Discussion:
[Cerowrt-devel] some notes on the archer c7v2's suitability for make-wifi-fast
Dave Taht
2015-03-27 02:10:50 UTC
Permalink
I took the archer c7v2 out for a set of test runs over the weekend.

A) The good news: I couldn't crash it with a full workload nor
overheat it with external temps at at 23C. I had tested the 3800 with
external temp of 44C, and i would prefer to test any new product at
that before wanting to use it here.

It was easy to configure from my test build on snapon, only needing
the addition of the kmod-ath10k package to have support for both
radios. the gui seems to work well in that test build

the "new" cake2 shaper/fq/codel qdisc (barely) managed to deal with
115mbit down and 12mbit up with 5% or so of cpu to spare with bridging
and hostapd turned off. (htb + fq_codel fell apart at 90mbits.) I
think cake can be improved quite a bit more and we really need to do
some profiling to find other bottlenecks.

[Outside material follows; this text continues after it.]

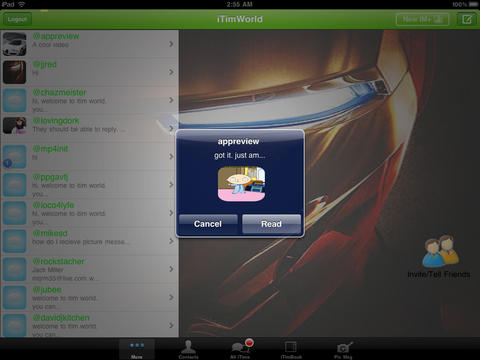 https://static.download-vn.com/textpro-lite-free-mms-itim7.jpeg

having both an ath9k (fixable) and an ath10k (ac, probably not
fixable) in the box is something of a plus also.

B) The bad news: I didn't get around to testing wifi at all. I ran
into an interesting problem, where testing it with full nat enabled,
with no sqm-scripts, would peak at about 400 mbits on the rrul test,
and:

0) If hostapd was running it would run a lot - cutting performance by
about 50Mbits on the test runs. I think I posted the strace here
already.

1) the queues for both eth1 and eth0 (wan and lan, respectively) would
fill up - quite a lot, 100s of packets, on the rrul tests.

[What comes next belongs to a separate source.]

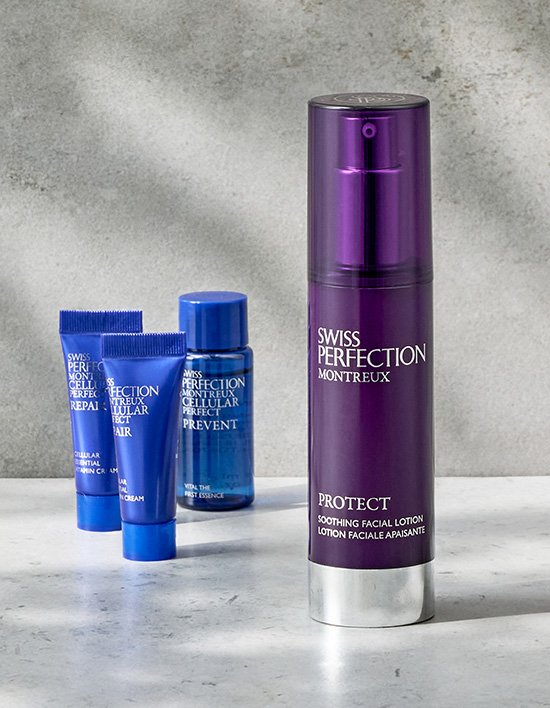 상품-대표-이미지 1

Even though the base rate of the ethernet interfaces was a gigabit,
the box could not service interrupts fast enough to clear out the
device queues in either direction, thus engaging fq_codel as part of
the overall cpu overload-handling mechanism to reduce the queue sizes
somewhat.

So I saw fairly long delays (7ms or more) when running at these
speeds through the router.

While reducing queue size when running out of cpu is a pleasing
result, it also points to possible tuning options for napi, maybe
adding xmit_more support in (or removing it entirely), in order to
fully service all interrupts in one direction or another, and also
compile options specific to the mips74k which has a long pipeline in
particular, and so far as I know the archer has no issues (as the
wndr3800 had) with unaligned access so we can turn off various hacks
on that front.

A linux feature I have long longed for is to do all timestamping (as
well as calculating the 5 tuple) on the rx path, and the tx path
leveraging that hash to fq on, and merely checking the rx entry time
on dequeue for codel.

(I know how hard this is to do, but it has become easier in more
recent linux kernel versions. This would better account for running
out of cpu in the router,
and IMHO work better on cache-hot data on the rx side)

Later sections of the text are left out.